I’ve got the Convoy L6 and it does everything it’s designed for. Another light junkie I work with bought the Olight X7 Marauder. We were lighting up the side of a building last night and we both notes his triple throw less than mine. Both both had enough spill to see at a wide angle on both. Granted the Olight X7 Marauder completely flooded the area. It also got hot and drained the batteries pretty quickly. Bronte BT41 is coming out and it has a much bigger head, better throw. I think these triple emitter reflectors are a step backwards. Lots of wasted space from the reflector to the bezel. Poor shape trying to fit them in.

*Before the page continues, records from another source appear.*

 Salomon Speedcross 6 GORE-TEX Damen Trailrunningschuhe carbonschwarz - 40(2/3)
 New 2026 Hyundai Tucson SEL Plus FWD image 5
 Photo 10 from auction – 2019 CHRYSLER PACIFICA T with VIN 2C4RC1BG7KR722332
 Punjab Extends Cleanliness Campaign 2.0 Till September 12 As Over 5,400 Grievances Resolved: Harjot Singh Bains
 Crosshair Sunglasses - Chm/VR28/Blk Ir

This is also a possibility http://www.fenixlight.com/ProductMore.aspx?id=26&tid=8&cid=1 It gives each LED it’s own reflector. It shaves off those wasted spaces and could hold 6-18650’s. The triple heads could be milled as one with the bezels holding in the reflectors making less wasted space between the heads.
Anyway, I’m still waiting on my fisrt XHP70 triple (MT03), but in general I actually like floody lights and wouldn’t like much throwier lights than the L6. It all depends on what you want to do. Bringing a floody light to a cave can be very nice
Well, it’s a lumens world. But can’t you change the emitters to xhp50 for a bit less lumens, but more lux; wouldn’t that give you a more balanced beam?

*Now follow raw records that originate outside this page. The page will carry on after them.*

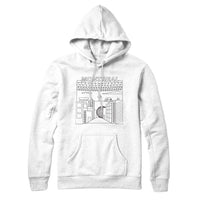 Montreal Perspective Sweatshirt Hoodie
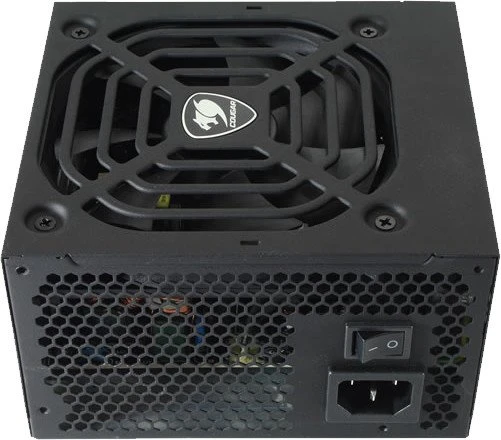 Cougar A300 300W, ATX 2.3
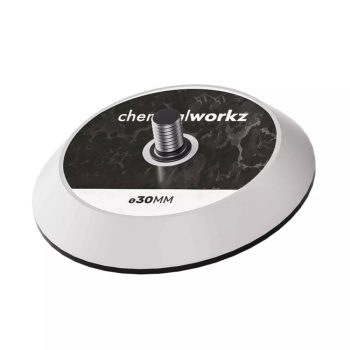 ChemicalWorkz EVO Mini Polírozógép Talp 38mm
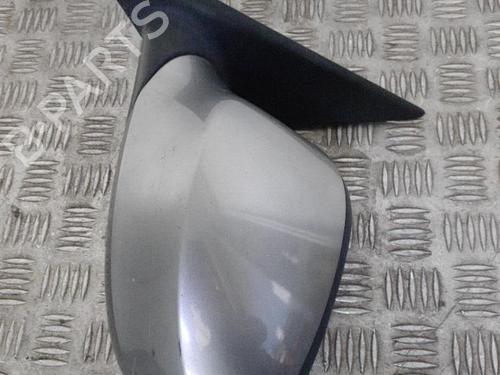 Left mirror BMW 3 Touring (E91) 318 d | BP24756777C26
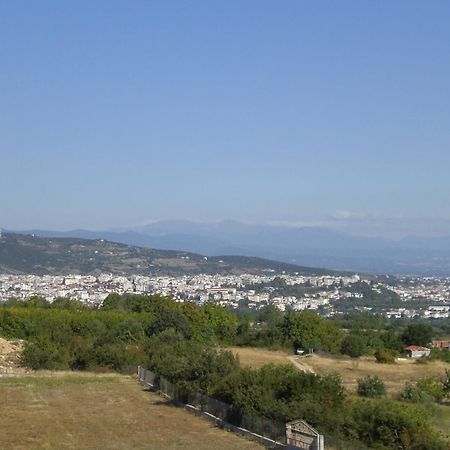 Veriopolis Hotel Veria  Exteriér fotografie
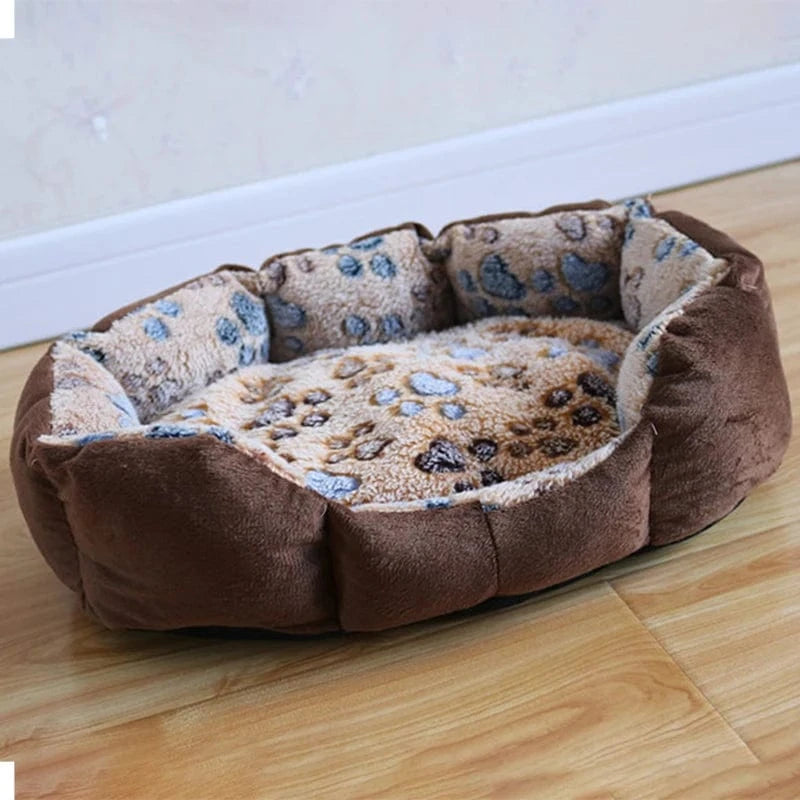 coussin pour chat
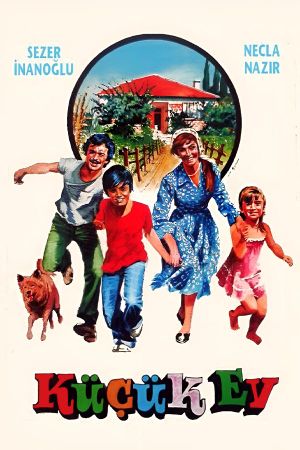 Küçük Ev's poster
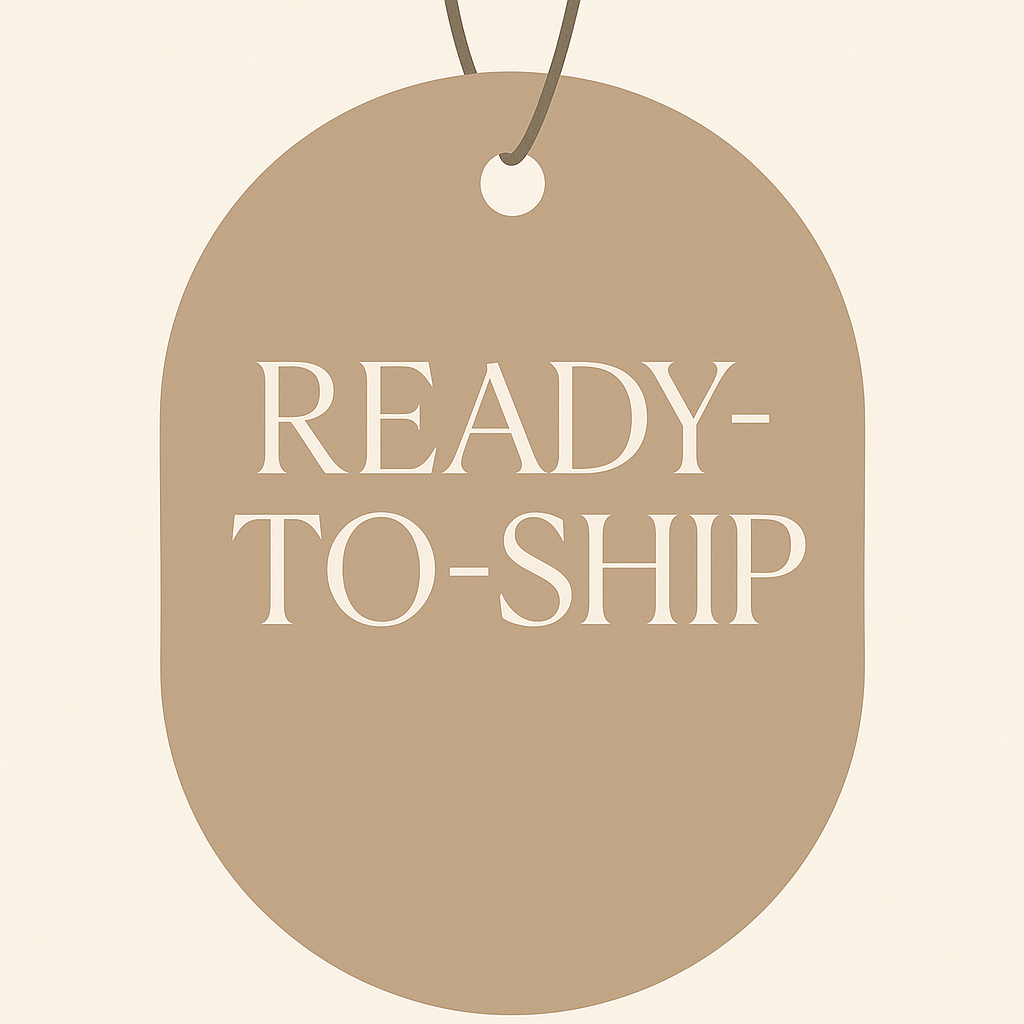 Ready-to-Ship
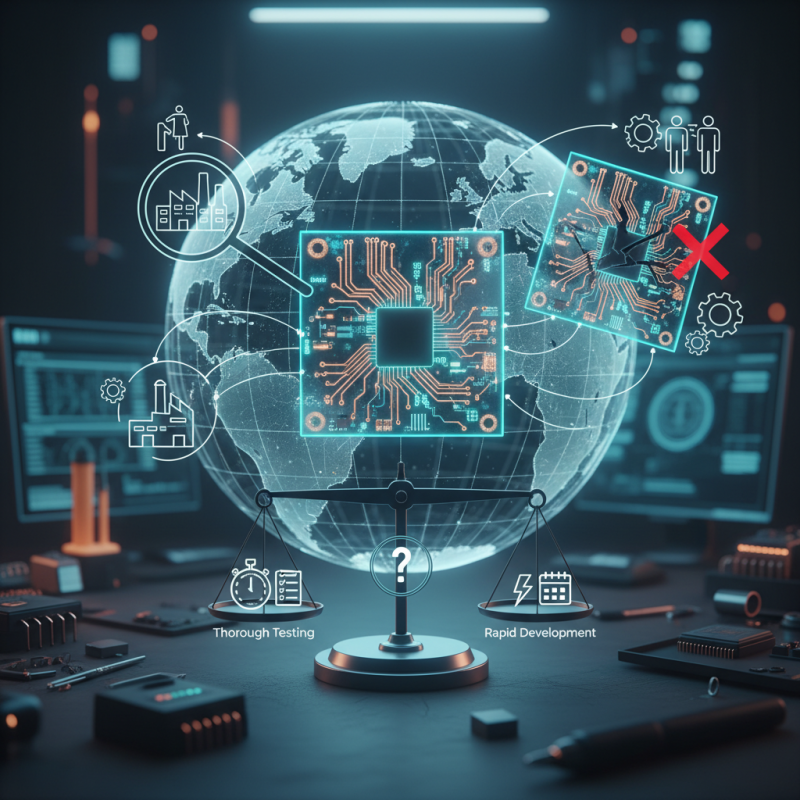 Why Is PCB Prototype Essential for Global Procurement?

The design of the klarus is really nice however, I’m having a little difficulty imagining that light with much bigger reflectors. The soup can style lights i don’t see as wasted space, I do however see them as wasted heatsinking. The reflector can be designed in conjunction with the shape of LED stars to help transfer heat away from the LED in an upwards direction. I think someone here did something along these lines when modifying a BTU thrower.
Dedomed emitters or using the XP-L HI emitters in the triple emitter lights will give you more throw while still giving a lot of flood at the same time , if you wanted to go that route.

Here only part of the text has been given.